I’m back. Sorry for the unannounced hiatus. At the end of my last post I indicated that I would be back last week. That obviously did not happen. I was on call as I said, but then my wife and I flew out to San Diego for a weekend with her aunt and uncle who live in Hong Kong most of the year but have a place on Shelter Island right on San Diego Bay when they are in the states. So I went surfing. The ocean haunts me, and I am given life there like nowhere else. We also went up to Beverly Hills for lunch and walked through stores that I wouldn’t buy anything at ($500 jeans is just stupid). We had drinks at Shutters on the beach in Santa Monica. I visited the Nytro triathlon store in Encinitas. We went to movies and ate at good restraunts. I ran along the harbor one morning. It was great. We drank coffee and talked. Just great. Since getting back I’ve been training hard. And now Karmen is OOT to Kansas City. So me and the boys (on their Spring Break) have embarked on a painting project during the day here at the house and then watching Harry Potter movies at night. Plus we have been going to Tae Kwon Do. It really has been some great days with those two boys. I am in love with them. And I am in love with Karmen. I took 11 days off from work to do all of this, and it has been glorious. Nothing like surfing, training, and being with the people I love most in life. No better “vacation” than that. And Karmen gets back to top it all off on Sunday. Can’t wait.

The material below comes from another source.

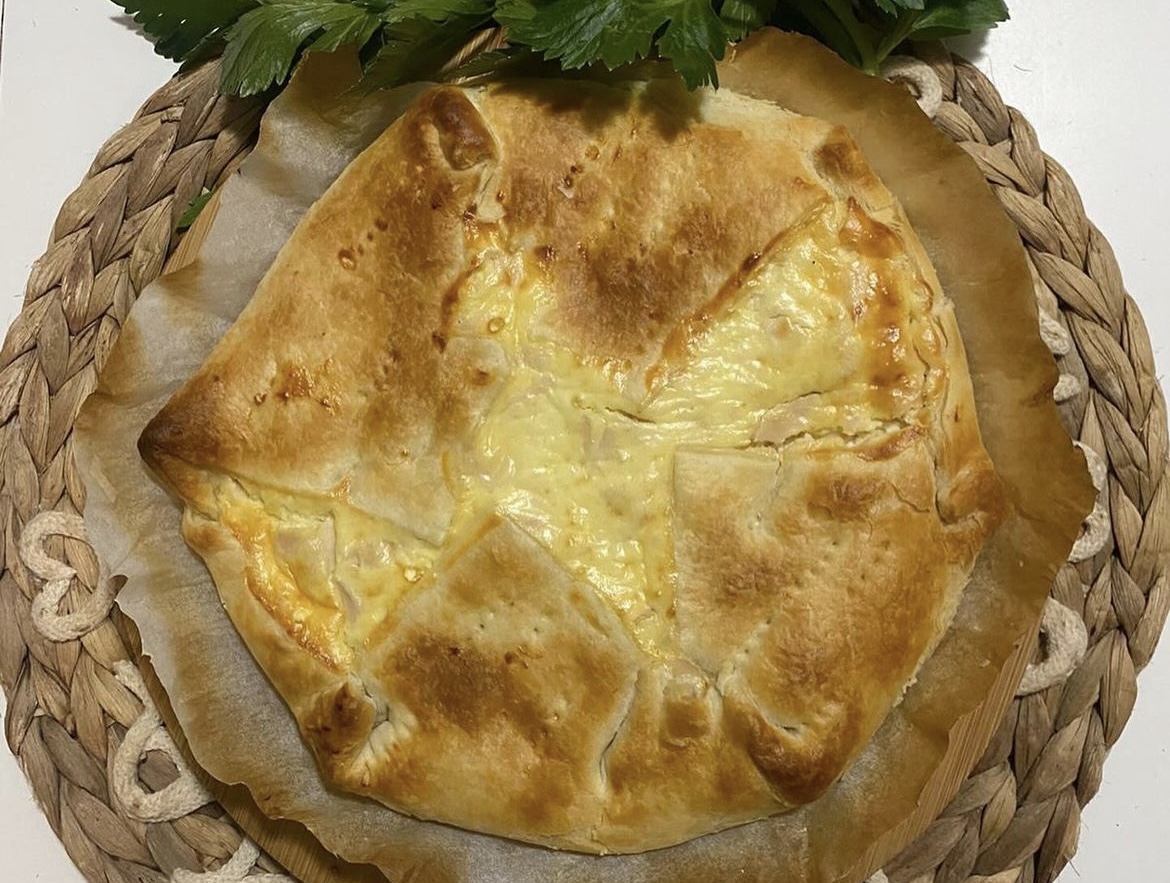 Torta salata senza burro, con ricotta e fesa di tacchino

On the plane to and from San Diego I finished Crazy For God. It really is an awesome book, and I may post a lot on it over the next few weeks and months. If you didn’t happen to notice, the author, Frank Schaeffer, commented on my last post about his book. Wow! That just cements in my mind what I already thought, that he is a good guy, and I am tremendously appreciative of what he wrote in this work because it helps me to understand that I am not crazy. Someone else out there, and actually probably a great deal of people as I have learned from people like John and Jason and Luke and Yael, understand the thoughts and confusion that I have found myself within over the last 10 years. I even think I have discovered, after a good amount of emailing, that my Nazarene preacher father understands and shares some of the same challenges. I know for sure that my wisdom infused wife understands. What I feel that Mr. Schaeffer has done is validate all that stuff. The craziness that seems to be there really is craziness on a lot of levels. I want to thank Mr. Schaeffer for his honesty.

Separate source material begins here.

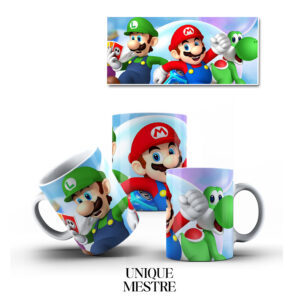 Caneca Personalizada - Coleção Super Mario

I would like to share a passage tonight that made me nearly laugh ridiculously and impolitely out loud on the plane to San Diego after we connected in Dallas. As it was, I contained myself and just let out a snicker. On page 325 and the preceding few pages, the author is describing how he felt he was essentially leading a bit of a double life, saying one thing to massive crowds of the religious right which he and his father would speak to with regularity, but then living a bit of another. Something such as ordering bottle of wine at dinner or commenting that he liked a certain “godless” movie were things that he had to guard against like a hawk. This sort of dishonesty became more and more conflicting for him. On page 325 he is describing how he knew “The Speech” so well that he could give it while thinking about something else. One of those something elses makes me laugh because I know it all to well myself. With just a touch of sarcasm he states: “…for instance, about how I wished God had never made any men or women with a ‘ministry in music.’ I wished he’d strike them all down so I’d never have to spend another minute listening to another fat lady (even the men were ‘fat ladies’ to me) sing another Jesus-is-my-boyfriend song to synthesized violin playback.”

I mean no disrespect, but picking this bit out, to anyone who is a “minister of music.” In fact, I am aquainted with several individuals who fill that role and are very genuine and talented people, believing deeply in what they are doing. But I don’t know how many times I have been a part of something that looked or felt more like a performance more than anything with any sincerity to it (like putting on a huge Easter pagent because it “reaches so many souls” when what it really does is completely and utterly exhaust the participants. I have no problem with Easter pagents. Only the reasons we say we do them. Put on the pageant, but just be willing to say that you are doing it because you like to put on the show.). One time I saw a man who sang at church looking at pornography at the local bookstore. Now I’m not judging (I know I have plenty of skeletons for which I could be stoned) nearly so much as I am saying that I am tired of the faking and posing and of “the show” that church is and has become. I’m tired of hearing “Jesus is my boyfriend” when it is more about performing. Frank Schaeffer was tired of it too.